* [How to complete this task] Output each record below exactly, and include all of them.

* [Data provided]
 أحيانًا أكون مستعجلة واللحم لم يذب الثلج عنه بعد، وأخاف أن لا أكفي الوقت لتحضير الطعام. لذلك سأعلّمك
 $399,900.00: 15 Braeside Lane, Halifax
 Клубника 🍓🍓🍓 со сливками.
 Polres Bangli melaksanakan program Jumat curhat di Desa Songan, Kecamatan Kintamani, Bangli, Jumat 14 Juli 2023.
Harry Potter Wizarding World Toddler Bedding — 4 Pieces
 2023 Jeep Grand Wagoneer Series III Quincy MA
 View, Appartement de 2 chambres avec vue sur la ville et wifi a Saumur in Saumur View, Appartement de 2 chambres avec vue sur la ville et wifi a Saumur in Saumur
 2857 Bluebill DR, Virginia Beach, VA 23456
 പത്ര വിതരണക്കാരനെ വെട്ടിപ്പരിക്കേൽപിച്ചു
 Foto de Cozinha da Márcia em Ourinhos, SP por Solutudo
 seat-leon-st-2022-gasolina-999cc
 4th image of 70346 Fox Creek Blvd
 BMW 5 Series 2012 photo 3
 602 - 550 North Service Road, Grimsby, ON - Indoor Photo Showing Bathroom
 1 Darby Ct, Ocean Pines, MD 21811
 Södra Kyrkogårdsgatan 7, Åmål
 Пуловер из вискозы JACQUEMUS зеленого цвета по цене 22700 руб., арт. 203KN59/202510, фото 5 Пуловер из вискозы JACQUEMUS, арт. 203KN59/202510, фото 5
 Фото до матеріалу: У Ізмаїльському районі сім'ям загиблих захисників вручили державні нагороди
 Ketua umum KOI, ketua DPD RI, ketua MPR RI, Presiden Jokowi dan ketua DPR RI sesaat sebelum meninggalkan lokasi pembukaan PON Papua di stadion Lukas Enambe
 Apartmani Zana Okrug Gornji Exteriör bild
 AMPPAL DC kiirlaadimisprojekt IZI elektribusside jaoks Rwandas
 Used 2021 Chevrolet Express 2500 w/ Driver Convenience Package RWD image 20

* [Result of the exercise]
 أحيانًا أكون مستعجلة واللحم لم يذب الثلج عنه بعد، وأخاف أن لا أكفي الوقت لتحضير الطعام. لذلك سأعلّمك
 $399,900.00: 15 Braeside Lane, Halifax
 Клубника 🍓🍓🍓 со сливками.
 Polres Bangli melaksanakan program Jumat curhat di Desa Songan, Kecamatan Kintamani, Bangli, Jumat 14 Juli 2023.
Harry Potter Wizarding World Toddler Bedding — 4 Pieces
 2023 Jeep Grand Wagoneer Series III Quincy MA
 View, Appartement de 2 chambres avec vue sur la ville et wifi a Saumur in Saumur View, Appartement de 2 chambres avec vue sur la ville et wifi a Saumur in Saumur
 2857 Bluebill DR, Virginia Beach, VA 23456
 പത്ര വിതരണക്കാരനെ വെട്ടിപ്പരിക്കേൽപിച്ചു
 Foto de Cozinha da Márcia em Ourinhos, SP por Solutudo
 seat-leon-st-2022-gasolina-999cc
 4th image of 70346 Fox Creek Blvd
 BMW 5 Series 2012 photo 3
 602 - 550 North Service Road, Grimsby, ON - Indoor Photo Showing Bathroom
 1 Darby Ct, Ocean Pines, MD 21811
 Södra Kyrkogårdsgatan 7, Åmål
 Пуловер из вискозы JACQUEMUS зеленого цвета по цене 22700 руб., арт. 203KN59/202510, фото 5 Пуловер из вискозы JACQUEMUS, арт. 203KN59/202510, фото 5
 Фото до матеріалу: У Ізмаїльському районі сім'ям загиблих захисників вручили державні нагороди
 Ketua umum KOI, ketua DPD RI, ketua MPR RI, Presiden Jokowi dan ketua DPR RI sesaat sebelum meninggalkan lokasi pembukaan PON Papua di stadion Lukas Enambe
 Apartmani Zana Okrug Gornji Exteriör bild
 AMPPAL DC kiirlaadimisprojekt IZI elektribusside jaoks Rwandas
 Used 2021 Chevrolet Express 2500 w/ Driver Convenience Package RWD image 20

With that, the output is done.